CSV File parse help in Perl

lodey · March 29, 2008, 8:06am

Folks,

I have a bit of an issue trying to obtain some data from a csv file using PERL. I can sort the file and remove any duplicates leaving only 4 or 5 rows containing data. My problem is that the data contained in the original file contains a lot more columns and when I try ro run this script it finds that all the data is unique.

I have the following fields within the orignal file:
PROGRAM ID,OP,PROBE_CARD ,DEVREVSTEP,TEST_START,TESTER_ID

The data which I need to obtain and sort is within the op,probecard and tester_id fields.

How can I go about this?

The code that I use after manually deleting the fields that i do not require is as follows:

#!/usr/bin/perl -w
use strict;
my $csvfile = 'probecards.csv';
my $newfile = 'sorted.csv';
my $fieldnames = 1;
open (IN, "<$csvfile")  or die "Couldn't open input CSV file: $!";
open (OUT, ">$newfile") or die "Couldn't open output file: $!";
my $header;
$header = <IN> if $fieldnames;
my @data = sort <IN>;
print OUT $header;
my $n = 0;
my $lastline = '';
foreach my $currentline (@data) {
  next if $currentline eq $lastline;
  print OUT $currentline;
  $lastline = $currentline;
  $n++;
}
close IN; close OUT;
print "Processing complete.
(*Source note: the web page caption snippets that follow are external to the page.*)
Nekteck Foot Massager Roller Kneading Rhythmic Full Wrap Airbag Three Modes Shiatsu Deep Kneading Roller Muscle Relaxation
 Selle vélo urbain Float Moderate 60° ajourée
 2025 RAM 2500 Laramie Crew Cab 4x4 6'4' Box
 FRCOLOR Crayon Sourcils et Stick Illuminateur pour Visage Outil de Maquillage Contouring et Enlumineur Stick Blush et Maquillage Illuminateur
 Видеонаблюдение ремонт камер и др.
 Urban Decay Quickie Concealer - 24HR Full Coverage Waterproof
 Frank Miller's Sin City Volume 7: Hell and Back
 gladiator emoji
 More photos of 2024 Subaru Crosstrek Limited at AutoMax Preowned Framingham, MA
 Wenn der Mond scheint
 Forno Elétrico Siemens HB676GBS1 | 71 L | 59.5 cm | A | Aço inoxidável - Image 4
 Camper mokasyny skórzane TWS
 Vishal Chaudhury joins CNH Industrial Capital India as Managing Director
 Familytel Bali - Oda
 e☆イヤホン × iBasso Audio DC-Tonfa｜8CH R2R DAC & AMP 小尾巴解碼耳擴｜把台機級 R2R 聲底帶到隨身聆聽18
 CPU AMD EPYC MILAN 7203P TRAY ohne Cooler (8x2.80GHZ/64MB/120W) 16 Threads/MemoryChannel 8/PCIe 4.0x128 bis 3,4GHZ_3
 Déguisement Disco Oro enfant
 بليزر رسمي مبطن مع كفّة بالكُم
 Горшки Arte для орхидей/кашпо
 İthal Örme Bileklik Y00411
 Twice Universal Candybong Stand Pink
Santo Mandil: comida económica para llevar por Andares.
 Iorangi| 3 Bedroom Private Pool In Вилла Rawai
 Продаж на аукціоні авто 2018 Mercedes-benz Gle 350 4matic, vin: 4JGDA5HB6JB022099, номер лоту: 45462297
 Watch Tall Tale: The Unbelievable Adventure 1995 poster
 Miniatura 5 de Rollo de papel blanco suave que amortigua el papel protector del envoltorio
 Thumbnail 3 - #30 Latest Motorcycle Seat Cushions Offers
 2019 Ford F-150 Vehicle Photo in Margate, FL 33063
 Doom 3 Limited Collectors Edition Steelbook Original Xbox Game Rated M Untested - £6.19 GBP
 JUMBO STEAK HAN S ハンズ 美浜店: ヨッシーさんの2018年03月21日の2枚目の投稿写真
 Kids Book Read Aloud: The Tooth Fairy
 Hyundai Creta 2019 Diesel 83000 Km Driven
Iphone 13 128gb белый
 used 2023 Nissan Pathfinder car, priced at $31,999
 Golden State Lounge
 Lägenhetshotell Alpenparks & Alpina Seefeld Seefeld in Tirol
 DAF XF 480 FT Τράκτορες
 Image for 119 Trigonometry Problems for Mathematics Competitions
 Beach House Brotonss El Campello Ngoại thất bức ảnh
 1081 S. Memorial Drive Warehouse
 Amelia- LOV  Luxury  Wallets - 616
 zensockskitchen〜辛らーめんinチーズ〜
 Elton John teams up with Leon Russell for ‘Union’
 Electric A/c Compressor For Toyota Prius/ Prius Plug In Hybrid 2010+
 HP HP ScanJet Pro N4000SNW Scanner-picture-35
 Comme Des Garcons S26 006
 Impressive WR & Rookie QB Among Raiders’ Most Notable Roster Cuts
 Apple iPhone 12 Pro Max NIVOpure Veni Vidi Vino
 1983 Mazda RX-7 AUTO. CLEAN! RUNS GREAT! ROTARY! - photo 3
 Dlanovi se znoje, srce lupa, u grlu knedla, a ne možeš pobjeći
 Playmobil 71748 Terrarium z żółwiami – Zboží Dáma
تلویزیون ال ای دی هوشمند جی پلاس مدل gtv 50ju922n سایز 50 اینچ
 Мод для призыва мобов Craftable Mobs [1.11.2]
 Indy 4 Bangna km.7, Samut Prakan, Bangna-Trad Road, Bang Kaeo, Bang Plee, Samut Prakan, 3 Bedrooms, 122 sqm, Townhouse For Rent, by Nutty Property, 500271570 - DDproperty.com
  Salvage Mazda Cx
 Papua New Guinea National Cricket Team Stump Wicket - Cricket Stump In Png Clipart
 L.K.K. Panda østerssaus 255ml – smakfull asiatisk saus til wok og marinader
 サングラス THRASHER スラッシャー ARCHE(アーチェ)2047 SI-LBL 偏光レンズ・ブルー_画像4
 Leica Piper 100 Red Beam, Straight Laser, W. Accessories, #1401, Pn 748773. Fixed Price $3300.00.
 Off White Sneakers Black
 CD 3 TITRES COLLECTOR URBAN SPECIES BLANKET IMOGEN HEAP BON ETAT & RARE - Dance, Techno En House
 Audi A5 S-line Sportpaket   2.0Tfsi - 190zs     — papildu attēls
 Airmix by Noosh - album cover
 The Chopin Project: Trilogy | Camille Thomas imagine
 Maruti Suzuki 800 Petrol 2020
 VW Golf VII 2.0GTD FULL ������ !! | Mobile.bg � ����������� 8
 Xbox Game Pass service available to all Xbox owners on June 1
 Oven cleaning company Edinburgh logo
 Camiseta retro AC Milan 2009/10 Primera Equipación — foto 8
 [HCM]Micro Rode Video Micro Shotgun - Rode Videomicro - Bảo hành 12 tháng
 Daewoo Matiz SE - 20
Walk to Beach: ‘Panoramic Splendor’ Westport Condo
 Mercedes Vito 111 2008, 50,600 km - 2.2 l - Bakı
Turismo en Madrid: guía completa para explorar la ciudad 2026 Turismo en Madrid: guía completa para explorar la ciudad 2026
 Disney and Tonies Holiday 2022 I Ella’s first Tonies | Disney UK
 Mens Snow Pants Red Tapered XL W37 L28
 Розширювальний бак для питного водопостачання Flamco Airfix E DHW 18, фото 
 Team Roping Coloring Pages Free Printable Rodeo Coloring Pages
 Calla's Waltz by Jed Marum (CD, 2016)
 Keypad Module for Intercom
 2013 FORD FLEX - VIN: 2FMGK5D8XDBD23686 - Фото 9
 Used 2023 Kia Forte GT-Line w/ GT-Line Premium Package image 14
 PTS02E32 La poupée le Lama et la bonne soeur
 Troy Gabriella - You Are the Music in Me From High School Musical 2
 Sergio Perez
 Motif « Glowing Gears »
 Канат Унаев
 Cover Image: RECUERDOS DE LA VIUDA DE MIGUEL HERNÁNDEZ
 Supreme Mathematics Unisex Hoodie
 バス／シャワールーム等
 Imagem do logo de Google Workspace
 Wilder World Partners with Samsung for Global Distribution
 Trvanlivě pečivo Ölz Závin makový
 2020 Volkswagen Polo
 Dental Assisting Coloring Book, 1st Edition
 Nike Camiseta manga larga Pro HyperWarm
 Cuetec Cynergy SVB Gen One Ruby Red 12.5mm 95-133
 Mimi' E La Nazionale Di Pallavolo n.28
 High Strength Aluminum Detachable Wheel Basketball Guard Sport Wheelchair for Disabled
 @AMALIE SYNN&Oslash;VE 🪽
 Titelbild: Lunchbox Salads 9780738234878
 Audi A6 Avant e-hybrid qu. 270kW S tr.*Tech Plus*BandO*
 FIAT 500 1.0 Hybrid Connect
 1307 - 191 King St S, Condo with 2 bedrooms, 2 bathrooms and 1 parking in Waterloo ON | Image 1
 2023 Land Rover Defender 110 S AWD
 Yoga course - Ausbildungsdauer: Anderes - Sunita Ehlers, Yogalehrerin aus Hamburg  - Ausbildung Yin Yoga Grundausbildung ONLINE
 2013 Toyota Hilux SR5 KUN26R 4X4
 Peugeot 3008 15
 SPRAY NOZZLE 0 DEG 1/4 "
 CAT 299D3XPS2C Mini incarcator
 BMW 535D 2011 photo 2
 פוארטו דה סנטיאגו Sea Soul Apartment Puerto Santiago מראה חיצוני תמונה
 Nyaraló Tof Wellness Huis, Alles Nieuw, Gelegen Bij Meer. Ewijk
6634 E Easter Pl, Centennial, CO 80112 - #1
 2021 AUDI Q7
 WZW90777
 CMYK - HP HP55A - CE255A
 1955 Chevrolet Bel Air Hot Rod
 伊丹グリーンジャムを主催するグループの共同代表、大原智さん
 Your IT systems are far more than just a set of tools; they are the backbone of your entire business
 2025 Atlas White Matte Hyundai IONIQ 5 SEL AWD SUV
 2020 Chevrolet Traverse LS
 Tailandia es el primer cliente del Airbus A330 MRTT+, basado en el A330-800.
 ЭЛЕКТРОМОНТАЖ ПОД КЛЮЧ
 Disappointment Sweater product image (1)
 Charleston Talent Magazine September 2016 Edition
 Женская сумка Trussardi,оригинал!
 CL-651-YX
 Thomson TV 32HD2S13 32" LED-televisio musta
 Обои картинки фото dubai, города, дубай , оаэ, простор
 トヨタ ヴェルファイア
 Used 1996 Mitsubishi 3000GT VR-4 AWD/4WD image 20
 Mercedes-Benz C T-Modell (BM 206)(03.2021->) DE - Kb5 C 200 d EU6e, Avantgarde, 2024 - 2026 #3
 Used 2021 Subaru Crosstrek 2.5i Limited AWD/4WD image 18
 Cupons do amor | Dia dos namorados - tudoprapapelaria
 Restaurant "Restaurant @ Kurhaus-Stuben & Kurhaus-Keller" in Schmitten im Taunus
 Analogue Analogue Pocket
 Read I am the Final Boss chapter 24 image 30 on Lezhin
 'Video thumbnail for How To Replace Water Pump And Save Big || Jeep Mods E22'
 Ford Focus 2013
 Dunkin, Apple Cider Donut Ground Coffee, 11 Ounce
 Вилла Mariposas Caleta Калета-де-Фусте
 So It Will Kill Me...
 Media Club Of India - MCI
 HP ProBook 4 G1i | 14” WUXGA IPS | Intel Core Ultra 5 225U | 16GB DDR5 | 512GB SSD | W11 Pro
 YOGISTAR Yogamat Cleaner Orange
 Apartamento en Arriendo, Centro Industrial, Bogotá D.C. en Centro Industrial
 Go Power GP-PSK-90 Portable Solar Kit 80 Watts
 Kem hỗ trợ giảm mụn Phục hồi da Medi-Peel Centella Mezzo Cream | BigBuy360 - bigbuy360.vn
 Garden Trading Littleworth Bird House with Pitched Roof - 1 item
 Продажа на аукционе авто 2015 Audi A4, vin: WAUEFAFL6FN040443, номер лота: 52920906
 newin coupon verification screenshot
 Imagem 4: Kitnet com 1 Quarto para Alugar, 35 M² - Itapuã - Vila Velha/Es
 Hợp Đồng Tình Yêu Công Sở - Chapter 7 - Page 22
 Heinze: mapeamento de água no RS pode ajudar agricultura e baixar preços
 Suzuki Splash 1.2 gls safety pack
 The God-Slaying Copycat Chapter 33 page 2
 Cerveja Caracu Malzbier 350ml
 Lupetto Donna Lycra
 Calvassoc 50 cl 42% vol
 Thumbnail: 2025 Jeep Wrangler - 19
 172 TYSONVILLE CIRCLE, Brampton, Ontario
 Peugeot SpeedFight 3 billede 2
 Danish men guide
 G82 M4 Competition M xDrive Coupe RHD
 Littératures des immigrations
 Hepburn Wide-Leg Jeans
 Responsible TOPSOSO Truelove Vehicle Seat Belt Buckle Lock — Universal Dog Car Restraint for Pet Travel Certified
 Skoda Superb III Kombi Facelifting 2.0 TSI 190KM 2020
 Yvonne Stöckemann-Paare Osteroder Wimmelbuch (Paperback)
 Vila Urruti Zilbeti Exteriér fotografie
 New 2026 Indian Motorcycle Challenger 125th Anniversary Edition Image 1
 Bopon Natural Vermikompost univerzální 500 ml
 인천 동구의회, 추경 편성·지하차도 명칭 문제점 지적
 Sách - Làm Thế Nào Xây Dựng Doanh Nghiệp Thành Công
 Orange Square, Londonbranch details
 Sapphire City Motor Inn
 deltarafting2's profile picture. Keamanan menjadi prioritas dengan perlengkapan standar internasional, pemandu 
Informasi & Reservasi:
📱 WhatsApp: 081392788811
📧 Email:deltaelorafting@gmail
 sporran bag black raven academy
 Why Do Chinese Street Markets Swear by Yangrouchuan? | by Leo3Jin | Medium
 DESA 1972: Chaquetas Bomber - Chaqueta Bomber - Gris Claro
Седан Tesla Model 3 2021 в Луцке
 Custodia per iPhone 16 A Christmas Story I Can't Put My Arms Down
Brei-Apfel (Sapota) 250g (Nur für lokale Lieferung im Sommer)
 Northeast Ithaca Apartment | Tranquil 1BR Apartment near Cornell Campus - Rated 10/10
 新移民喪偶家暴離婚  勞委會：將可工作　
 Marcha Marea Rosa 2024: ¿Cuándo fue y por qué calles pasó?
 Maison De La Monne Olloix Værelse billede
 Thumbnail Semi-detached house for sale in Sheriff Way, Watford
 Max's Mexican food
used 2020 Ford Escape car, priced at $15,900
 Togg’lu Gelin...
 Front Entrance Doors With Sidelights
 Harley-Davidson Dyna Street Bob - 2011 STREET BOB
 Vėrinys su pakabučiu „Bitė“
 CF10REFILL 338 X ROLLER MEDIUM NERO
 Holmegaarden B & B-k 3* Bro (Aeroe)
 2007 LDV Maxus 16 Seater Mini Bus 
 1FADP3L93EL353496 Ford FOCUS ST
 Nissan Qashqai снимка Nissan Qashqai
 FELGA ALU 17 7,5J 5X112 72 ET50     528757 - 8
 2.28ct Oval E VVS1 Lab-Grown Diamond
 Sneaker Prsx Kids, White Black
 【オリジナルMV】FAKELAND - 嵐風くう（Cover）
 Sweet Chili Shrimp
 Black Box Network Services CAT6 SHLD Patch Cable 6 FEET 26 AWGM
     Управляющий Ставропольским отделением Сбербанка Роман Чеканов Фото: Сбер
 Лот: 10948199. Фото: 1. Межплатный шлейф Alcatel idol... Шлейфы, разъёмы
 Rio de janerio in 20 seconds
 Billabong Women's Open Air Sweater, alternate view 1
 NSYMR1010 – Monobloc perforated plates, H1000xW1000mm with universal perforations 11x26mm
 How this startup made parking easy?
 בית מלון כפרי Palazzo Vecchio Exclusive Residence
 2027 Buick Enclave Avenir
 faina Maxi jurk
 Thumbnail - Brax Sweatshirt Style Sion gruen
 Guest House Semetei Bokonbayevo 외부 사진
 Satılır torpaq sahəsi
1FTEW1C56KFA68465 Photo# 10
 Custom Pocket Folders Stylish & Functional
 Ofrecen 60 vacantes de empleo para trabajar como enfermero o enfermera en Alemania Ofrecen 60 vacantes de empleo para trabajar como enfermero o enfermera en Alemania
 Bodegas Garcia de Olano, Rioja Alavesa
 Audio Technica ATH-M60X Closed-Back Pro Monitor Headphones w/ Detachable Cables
In = " . scalar @data . " records, Out = $n records\n";

Sample CSV File:


Original File:

PROGRAM	ID	OP	PROBE_CARD	DEVREVSTEP	TEST_START	TESTER_ID
12630M196	139	2660	S25E3N36	88BCRA	16/03/2008 12:05	IN01
12630M196	1	2660	S25E3N36	88BLBHD	16/03/2008 13:04	IN04
12630M196	508	2660	S25E3N36	88BCRA	16/03/2008 13:41	IN01
12630M196	437	2660	S25E3N36	88CLNHC	16/03/2008 14:18	IN01
12630M196	465	2660	S25E3N36	88BCRA	16/03/2008 15:34	IN02
12630M196	27	2660	S25E3N36	88BCRA	16/03/2008 18:00	IN01
12630M196	18	2660	S25E3N36	88BCRA	16/03/2008 19:03	IN03


Output:

OPERATION PROBE_CARD_ID	TESTER_ID
2660	S25E3N21	IN04
2660	S25E3N27	IN02
2660	S25E3N36	IN01
2660	S25E3N39	IN03
2660	S25E3N40	IN04

Any pointers on how I could go about this would be greatly appreciated..

Rgds

Colin

era · March 29, 2008, 8:23am

That's not a CSV file, it means literally comma-separated values. Traditionally CVS also uses optional double quotes around the values, and then, depending on which wicked version of Excel it's supposed to be incompatible with, more or less insane conventions for values with double quotes in them. Newlines inside a field are also sometimes permitted in CSV.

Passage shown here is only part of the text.